THE energy hike had been well trailed but the extent was still a shock.

Many constituents have been contacting me unaware how they can meet their bills. I’ve no doubt action will be initiated when Parliament reconvenes next week. Whether it will be enough is the issue.

The energy system in the UK is dysfunctional. Wholesale privatisation of a vital public service has been shown to be calamitous. When even the National Grid is in corporate hands, it’s no wonder that investment has been lacking and control and direction gone missing.

Many will know that Scotland produces more energy than it requires. Much goes onto the National Grid and goes south. What most don’t know is that so much is produced, and with the grid capacity lacking, that onshore turbines are often curtailed or just switched off.

It’s not one or two or just occasionally, as grid statistics showed that 17.6 per cent of onshore wind power had been curtailed last year.
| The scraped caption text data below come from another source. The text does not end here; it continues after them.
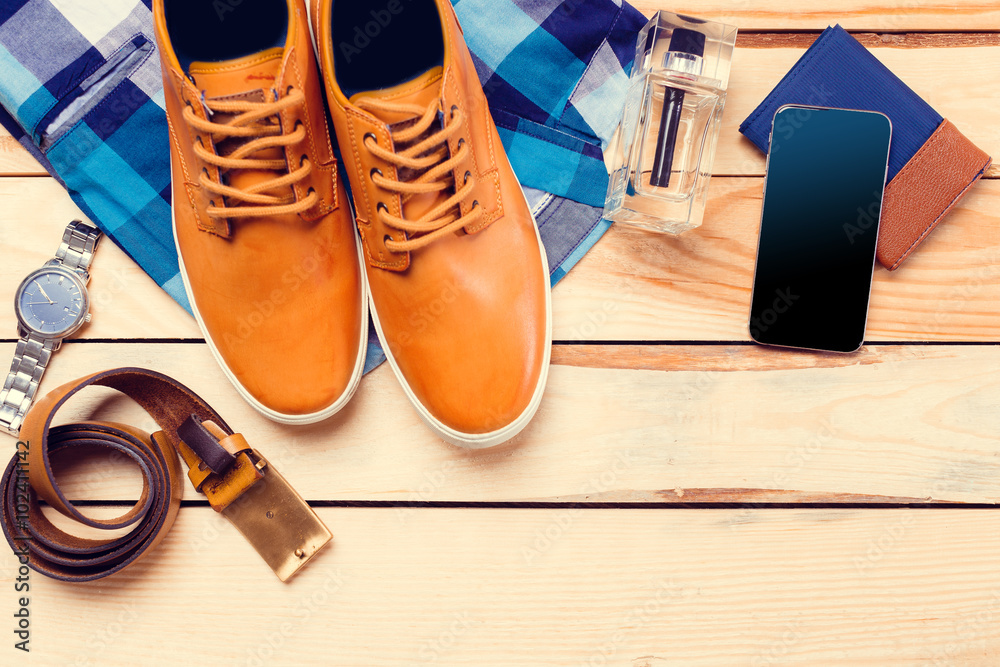Men's casual clothes on wooden background Men's casual clothes on wooden background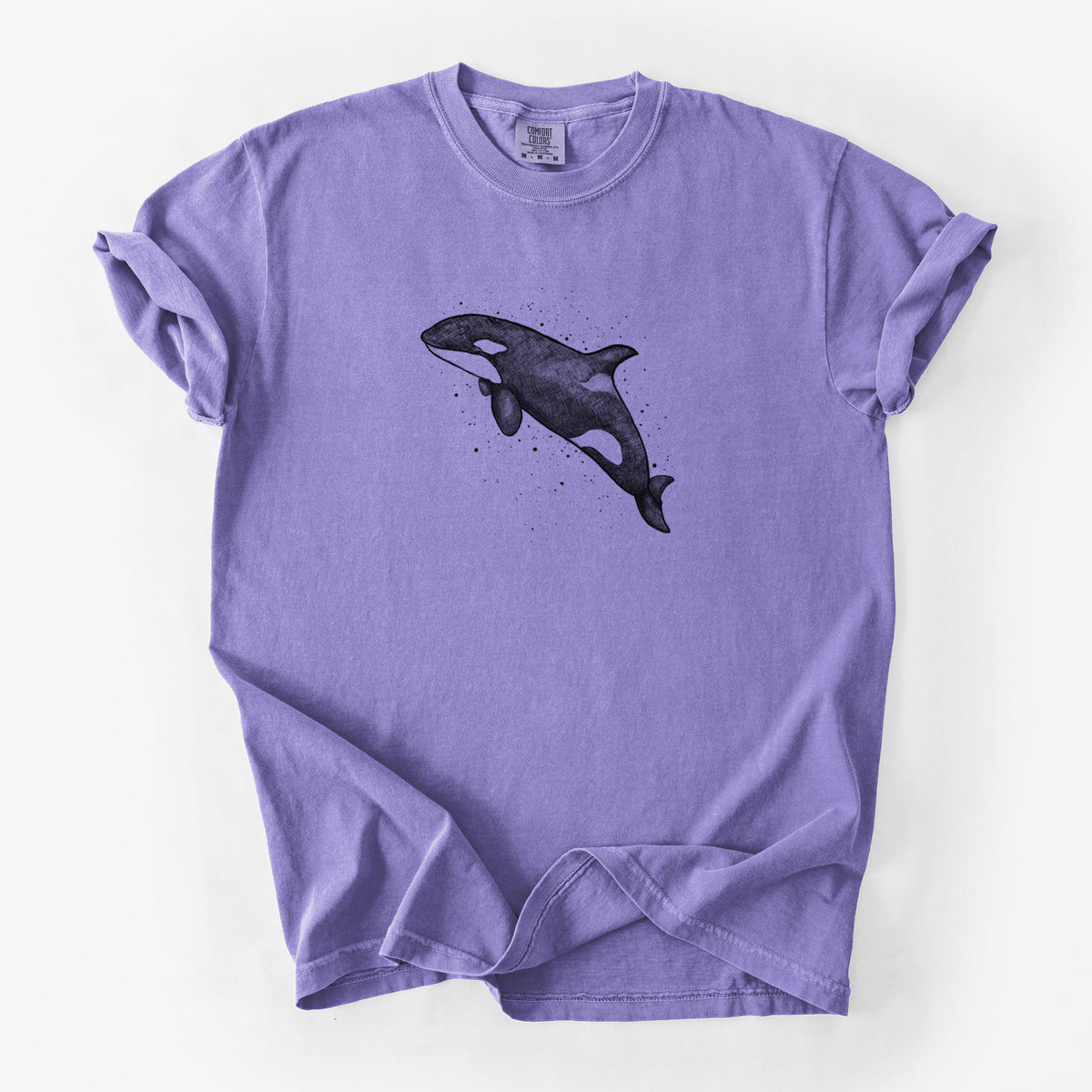 Violet purple Comfort Colors t-shirt laid flat, printed with a black ink illustration of an orca leaping, with ink splatters.
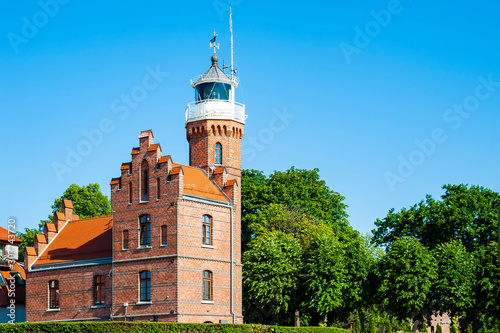 Old lighthouse in Ustka, Poland on a sunny summer day photo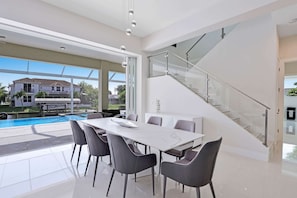 A modern dining area with a pool view, a glass staircase, and a large window.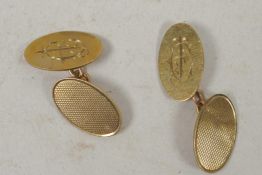 A pair of 9ct gold cuff links, 6g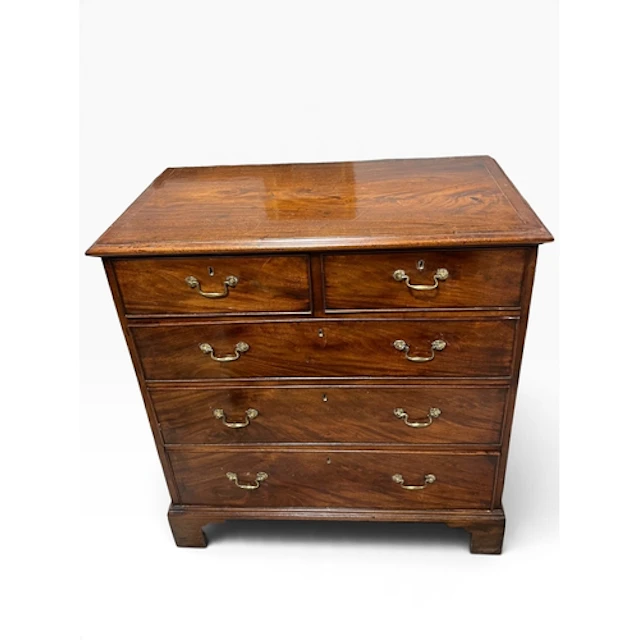 A GEORGIAN MAHOGANY CHEST OF DRAWERS Two short over three lo...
When folk are unable to heat their homes, why are we switching off this energy – which, after all, is now significantly cheaper than gas?

Worsening that is the utter absurdity that energy producers are paid more for curtailing their energy than actually supplying it. In Scotland alone, over £200 million was spent on such payments. The costs were also highest in winter, when energy is most needed. How crazy is it to be paying more to turn off turbines, just when folk need the energy most?

That appalling situation is only going to worsen as offshore wind comes ashore and grid capacity hasn’t increased sufficiently. But there’s a solution: to store energy which can’t be used here or transmitted south. Batteries can allow for that and for the energy to be sent when the grid has capacity or there is need.

Moreover, storage can allow for hydrogen production. That would bring jobs and businesses here. So far, Westminster hasn’t supported these initiatives. But this absurdity needs to end.